I’m Livin’ For Givin’ The Devil His Due

art by Joana Solá
Kathleen smoked cigarettes to where white paper met tan filter. Each coffin nail would be held between the first two fingers of her right hand, never with her thumb. Sometimes she liked to pull apart the filter. She’d run her fingers through the fuzzy white stuff that trapped nothing from her lungs. She didn’t care. Her teeth were an ochre not natural to dentistry. Her lungs wheezed like a leaky concertina and burn holes dotted her clothing like a blackened lace doily.
This last pack of butts was to honor death’s deliverance from awful boyfriends. Ciggy number one was for Gerry who had two other girlfriends in two different towns, one with a baby on the way. Little Gerry would be spitting and shitting his way through life like his lying papa.
Cancer stick number two was for Paul who badgered her to move in with him. The apartment they settled on had a rhododendron flower in the front garden. A few weeks before move-in, he began to treat her like garbage and made her believe she deserved it. He worried she wasn’t right for him. She signed the lease. At exactly 9:20 p.m. the night before move-out, brown boxes surrounding her like the Moais of Easter Island. He couldn’t, he shouldn’t, and we won’t. That cigarette she smoked past the stubby filter like the lost dollars to first, last and security. She’d had nowhere to go and no money to do it with. After that, Kathleen exhausted all neighboring couches where no one wanted her to smoke. She instead stretched out in the back seat of her beloved green Impala because at least she could smoke in her own damned car.

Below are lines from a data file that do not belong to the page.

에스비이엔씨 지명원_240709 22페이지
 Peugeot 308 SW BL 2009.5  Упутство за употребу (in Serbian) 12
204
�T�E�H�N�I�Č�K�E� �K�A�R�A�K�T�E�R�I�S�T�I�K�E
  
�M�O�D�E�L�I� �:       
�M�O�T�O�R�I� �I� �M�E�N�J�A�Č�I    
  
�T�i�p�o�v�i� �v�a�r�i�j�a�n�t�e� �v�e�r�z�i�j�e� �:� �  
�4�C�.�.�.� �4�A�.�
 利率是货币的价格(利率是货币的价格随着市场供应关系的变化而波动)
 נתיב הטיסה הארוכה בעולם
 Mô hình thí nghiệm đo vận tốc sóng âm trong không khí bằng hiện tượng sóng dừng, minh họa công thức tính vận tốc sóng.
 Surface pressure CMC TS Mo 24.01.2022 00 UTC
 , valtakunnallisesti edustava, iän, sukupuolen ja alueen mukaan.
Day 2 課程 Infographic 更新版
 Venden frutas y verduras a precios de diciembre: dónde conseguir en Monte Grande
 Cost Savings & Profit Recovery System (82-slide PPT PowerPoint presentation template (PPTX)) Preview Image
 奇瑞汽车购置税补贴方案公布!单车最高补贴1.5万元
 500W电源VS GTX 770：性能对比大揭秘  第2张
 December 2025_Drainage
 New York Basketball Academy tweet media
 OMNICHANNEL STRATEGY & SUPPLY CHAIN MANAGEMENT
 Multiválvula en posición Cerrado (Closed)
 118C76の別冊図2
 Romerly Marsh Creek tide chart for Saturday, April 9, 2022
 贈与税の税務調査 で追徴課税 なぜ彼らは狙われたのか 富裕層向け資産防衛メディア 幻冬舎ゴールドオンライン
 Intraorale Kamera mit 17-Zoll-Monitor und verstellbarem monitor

The last puff was for Jeb, whom she had loved completely, effortlessly. He sucked that up by the bucketload. The family even insisted she join them for their holiday portrait. She huffed two butts for taking him to Vermont for his birthday. His eyes stayed hidden, and no nothing was wrong, stop asking me woman! She lit a third cigarette from the second for the stupid question that never should have to be asked, “How come you haven’t said that you love me?”
Kathleen dragged a little too deeply on the last cigarette. Coughing brought up stuff that shouldn’t be outside of the body. The Devil would soon get his due. Jealousy and failure were the ashy end of this last cigarette. Kathleen was ready for hell, to personally backhand the Devil. He’d get his due when she punched the lights out of Mr. Spike-Tailed-Horny-Head. He’d pay for the hell she put herself through with Jeb’s answer. The alarm in her chest clenched nice and tight as Kathleen fell to her knees, choking for breath, lighting one more to crush the pack.